The implication of the MTHFR gene in CAD pathogenesis has been extensively studied in several ethnic groups. We found a significantly higher frequency of T alleles in CAD patients than in controls. OR in this group was 1.75. Other epidemiological studies that estimated the risk of CAD associated with the T allele showed conflicting results. Notwithstanding, Kerkeni et al. (2006) and Alam et al. (2008) found this substitution to be a significant risk factor. On summarizing the results from 8 studies, Kluijtmans et al. (1996) encountered no significant difference for the T allele, although they reported higher frequencies (31.8% and 29% in patient and control group respectively).

We found the T allele to be significantly associated with myocardial infarction (p = 0.016, OR1.93, 95% CI 1.08-3.44). This finding is consistent with a previous report (Gülec et al., 2001) in which MTHFR C677T transition was found to be a risk factor for premature MI. On the other hand, other authors ( Anderson et al., 1997; Hsu et al., 2001) reported insignificant differences for the T allele between MI subjects and the control group. We observed almost equal frequencies for the CC, CT and TT genotypes, irrespective of one-, two-or three-vessel-stenosis, Our findings are in accordance with previous reports (Van Bockxmeer et al., 1997; Kerkeni et al., 2006; Rassoul et al., 2008), in which insignificant association was observed.
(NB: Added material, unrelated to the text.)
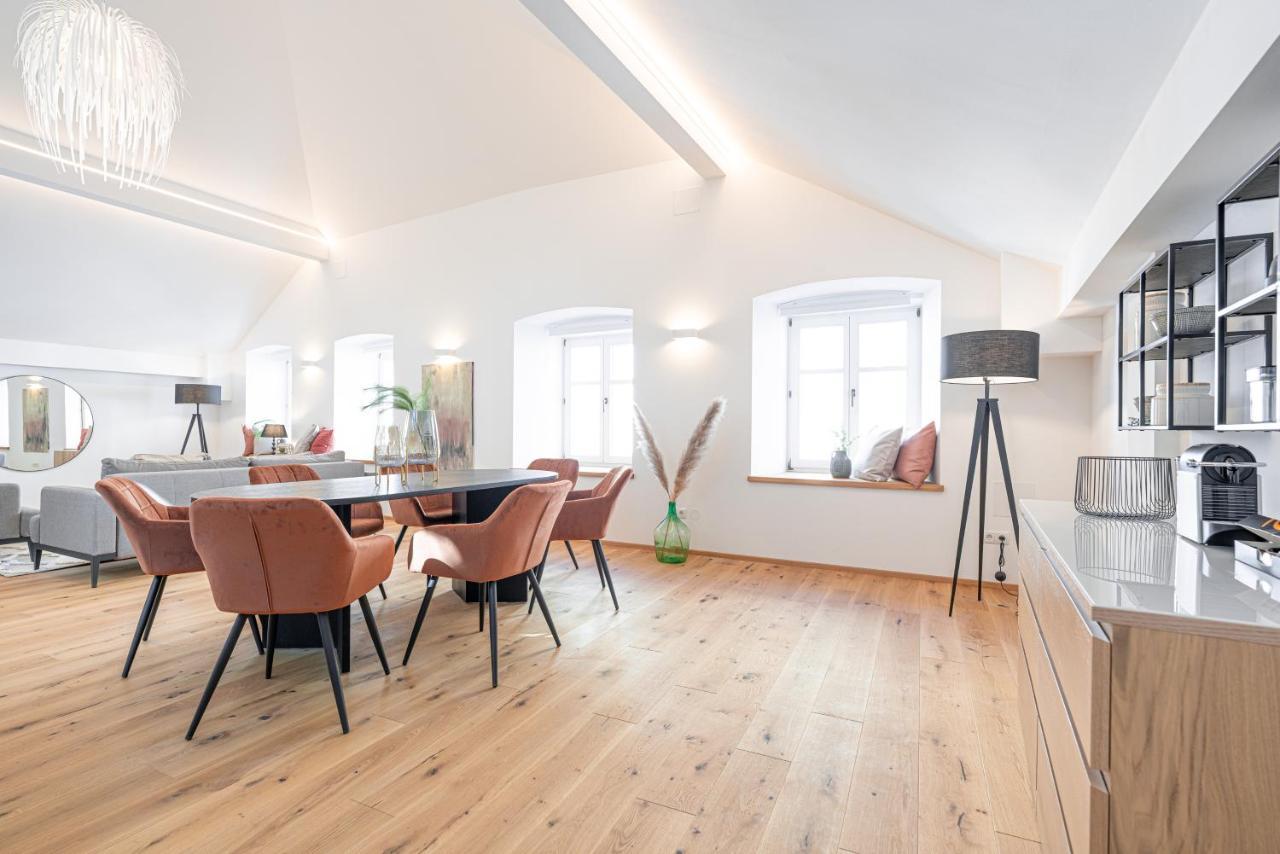 Апартаменты Penthouse Maxfux Direkt In Der Fussgaengerzone 130M2 Кремс на Дунае Экстерьер фото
Nevertheless, for Morita et al. (1997) the association was significant. Furthermore, we noted that the severity of the disease is independent of homocysteine levels. Likewise, Wang et al. (1999) found no correlation between the level of homocysteine and severity of the disease, whereas Rassoul et al. (2008), on the contrary, discovered a positive association.

In our study, the average homocysteine level was significantly higher in the patient group than in the control. This is in agreement with observations by other investigators (Evans et al., 1997; Kerkeni et al., 2006). The finding of a significant correlation between 5,10 methylene tetrahydrofolate reductase enzyme activity and MTHFR genotypes (Frosst et al., 1995) (70% reduced activity in the TT genotype and 35% reduced activity in the CT genotype) implies elevated homocysteine levels in these two genotypes.
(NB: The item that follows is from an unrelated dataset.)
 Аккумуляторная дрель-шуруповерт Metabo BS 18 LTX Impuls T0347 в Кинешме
A previous study by Alam et al. (2008) on 100 coronary artery cases and 100 controls, also from North India, demonstrated the positive association of MTHFR (C677T) gene polymorphism. The present study is in agreement, although with a larger-sized sample, and undertaken with certain restrictions, such as using a single MTHFR genetic marker (C677T). Thus, further polymorphic MTHFR markers need to be evaluated, together with the other genetic markers involved in the Homocysteine pathway for predisposition to the disease.
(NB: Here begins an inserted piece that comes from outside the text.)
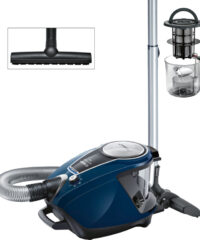 BOSCH Usisivač sa posudom Pro Silence Serie 8| Plava QuattroPower System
Coronary artery disease is a complex disorder where environmental and genetic markers both play an important role.

Acknowledgments

The authors wish to thank the Sanjay Gandhi Post-Graduate Institute of Medical Sciences (SGPGIMS), Lucknow, for providing the infrastructure. Rajneesh Tripathi is thankful to the Department of Biotechnology (DBT), New Delhi, India for the award of his Senior Research fellowship.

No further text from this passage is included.